Mitochondrial size and shape in equine skeletal muscle: A three‐dimensional reconstruction study

Abstract
Individual mitochondria were reconstructed from ultrathin serial sections of selected muscle fibers in the M. semitendinosus of a horse, over a length of nearly two sarcomeres. Mitochondria were found to be highly variable, with size and complexity of single mitochondria increasing with the fractional part of a fiber occupied by mitochondria.
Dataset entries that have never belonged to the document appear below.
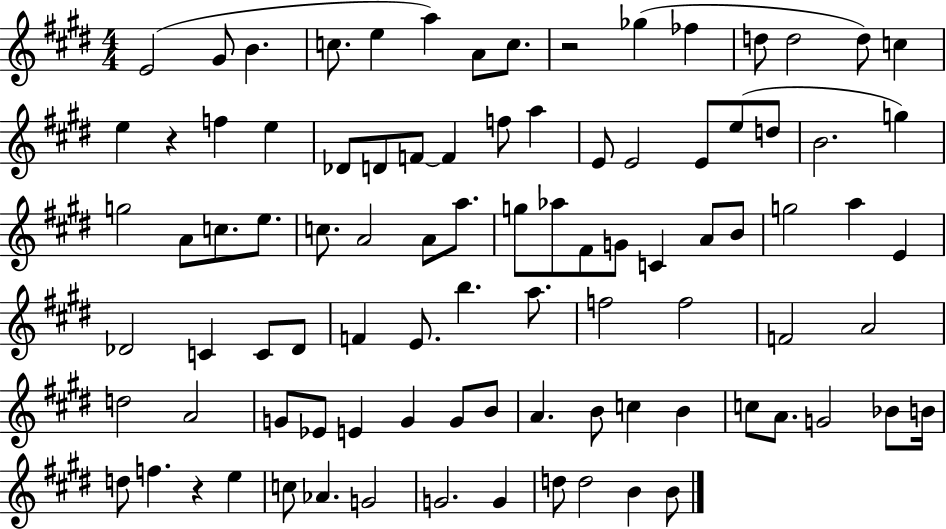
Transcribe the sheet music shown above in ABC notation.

X:1
T:Untitled
M:4/4
L:1/4
K:E
E2 ^G/2 B c/2 e a A/2 c/2 z2 _g _f d/2 d2 d/2 c e z f e _D/2 D/2 F/2 F f/2 a E/2 E2 E/2 e/2 d/2 B2 g g2 A/2 c/2 e/2 c/2 A2 A/2 a/2 g/2 _a/2 ^F/2 G/2 C A/2 B/2 g2 a E _D2 C C/2 _D/2 F E/2 b a/2 f2 f2 F2 A2 d2 A2 G/2 _E/2 E G G/2 B/2 A B/2 c B c/2 A/2 G2 _B/2 B/4 d/2 f z e c/2 _A G2 G2 G d/2 d2 B B/2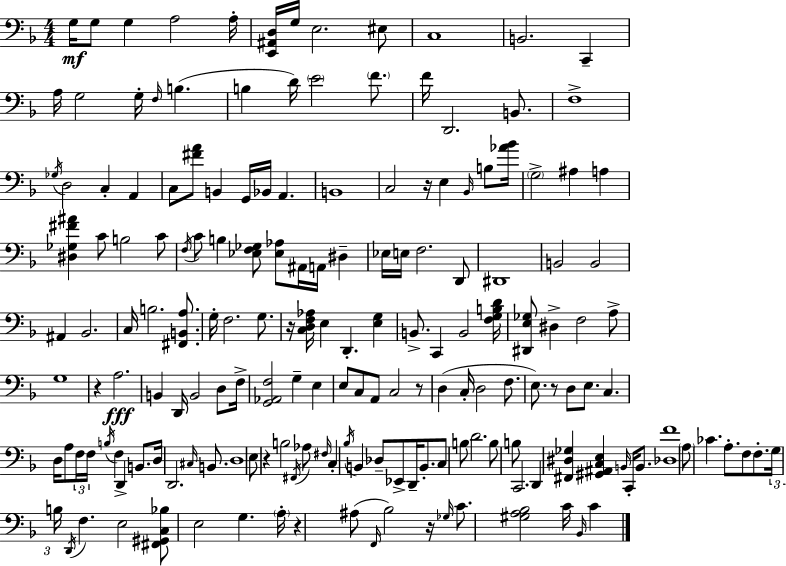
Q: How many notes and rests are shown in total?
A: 174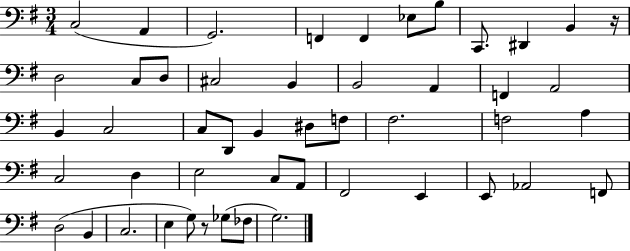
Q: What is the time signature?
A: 3/4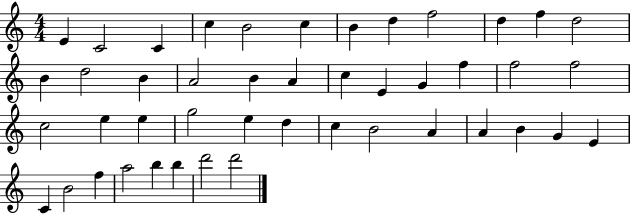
{
  \clef treble
  \numericTimeSignature
  \time 4/4
  \key c \major
  e'4 c'2 c'4 | c''4 b'2 c''4 | b'4 d''4 f''2 | d''4 f''4 d''2 | \break b'4 d''2 b'4 | a'2 b'4 a'4 | c''4 e'4 g'4 f''4 | f''2 f''2 | \break c''2 e''4 e''4 | g''2 e''4 d''4 | c''4 b'2 a'4 | a'4 b'4 g'4 e'4 | \break c'4 b'2 f''4 | a''2 b''4 b''4 | d'''2 d'''2 | \bar "|."
}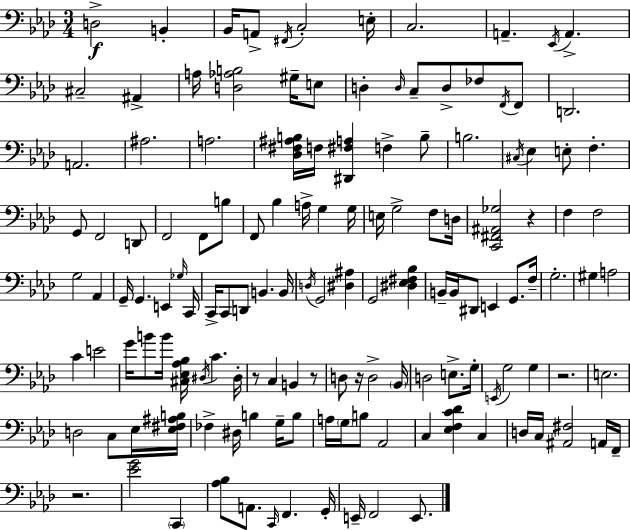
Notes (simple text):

D3/h B2/q Bb2/s A2/e F#2/s C3/h E3/s C3/h. A2/q. Eb2/s A2/q. C#3/h A#2/q A3/s [D3,Ab3,B3]/h G#3/s E3/e D3/q D3/s C3/e D3/e FES3/e F2/s F2/e D2/h. A2/h. A#3/h. A3/h. [Db3,F#3,A#3,B3]/s F3/s [D#2,F#3,A3]/q F3/q B3/e B3/h. C#3/s Eb3/q E3/e F3/q. G2/e F2/h D2/e F2/h F2/e B3/e F2/e Bb3/q A3/s G3/q G3/s E3/s G3/h F3/e D3/s [C2,F#2,A#2,Gb3]/h R/q F3/q F3/h G3/h Ab2/q G2/s G2/q. E2/q Gb3/s C2/s C2/s C2/e D2/e B2/q. B2/s D3/s G2/h [D#3,A#3]/q G2/h [D#3,Eb3,F#3,Bb3]/q B2/s B2/s D#2/e E2/q G2/e. F3/s G3/h. G#3/q A3/h C4/q E4/h G4/s B4/e B4/s [C#3,Eb3,Ab3,Bb3]/s D#3/s C4/q. D#3/s R/e C3/q B2/q R/e D3/e R/s D3/h Bb2/s D3/h E3/e. G3/s E2/s G3/h G3/q R/h. E3/h. D3/h C3/e Eb3/s [Eb3,F#3,A#3,B3]/s FES3/q D#3/s B3/q G3/s B3/e A3/s G3/s B3/e Ab2/h C3/q [Eb3,F3,C4,Db4]/q C3/q D3/s C3/s [A#2,F#3]/h A2/s F2/s R/h. [Eb4,G4]/h C2/q [Ab3,Bb3]/e A2/e. C2/s F2/q. G2/s E2/s F2/h E2/e.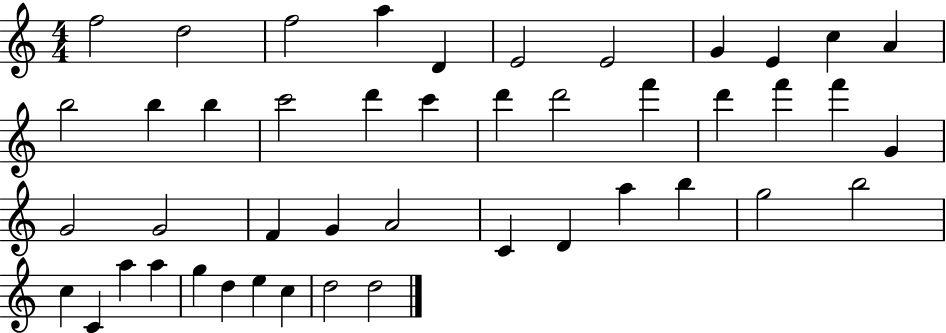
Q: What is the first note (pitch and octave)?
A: F5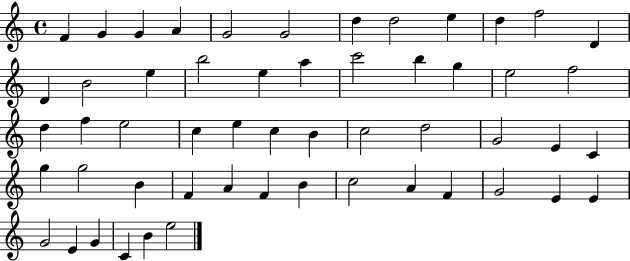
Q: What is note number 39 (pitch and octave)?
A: F4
In fibers with a mitochondrial volume density of less than 4%, corresponding to the mitochondrial content of fast-twitch glycolytic fibers, mitochondria were generally rather simple cylindrical shapes, oriented parallel to the myofibrils. In fibers with a mitochondrial volume density of more than 7%, corresponding to the mitochondrial content of slow-oxidative or fast-oxidative glycolytic fibers, mitochondria were generally cylindrical at the A-band and Z-plate level of the muscle sarcomeres. However, these mitochondria often had transverse extensions or interconnections that occurred at the I-band level. Volumes of individual mitochondria ranged from as small as a few thousandths of a μm3 up to several μm3 for the incompletely reconstructed portions of the largest mitochondria. Mitochondrial profiles that one would classify from single sections as subsarcolemmal were found to interconnect with other profiles deeper within the fiber. This suggests that it is unlikely that subsarcolemmal and interfibrillar mitochondria are two structurally distinct populations. However, we found no evidence of a reticulum completely interlinking all mitochondrial material in a muscle fiber.